» Problem statement
Among the entries below, only the lines starting at the one with "Пакет подарочный ламинированный" and ending at the one with "OP Knit Hoodie", both included, are to be printed exactly.

» Task inputs
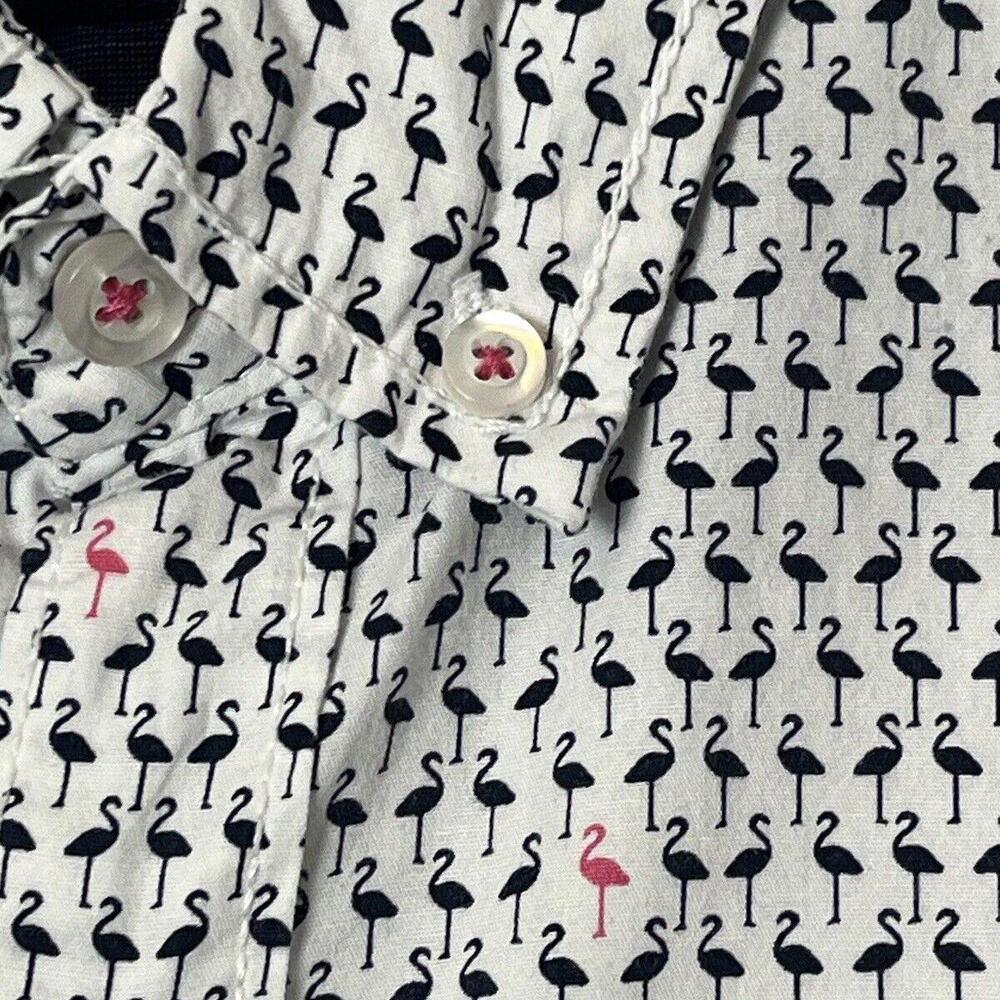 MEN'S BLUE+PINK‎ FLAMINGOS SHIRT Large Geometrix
==
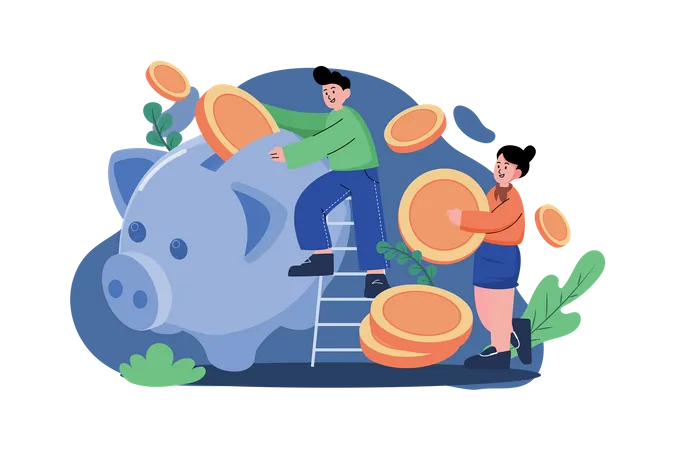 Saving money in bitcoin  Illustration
==
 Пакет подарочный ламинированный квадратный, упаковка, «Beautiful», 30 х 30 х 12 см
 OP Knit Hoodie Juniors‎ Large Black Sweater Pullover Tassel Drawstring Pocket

» Response to the exercise
 Пакет подарочный ламинированный квадратный, упаковка, «Beautiful», 30 х 30 х 12 см
 OP Knit Hoodie Juniors‎ Large Black Sweater Pullover Tassel Drawstring Pocket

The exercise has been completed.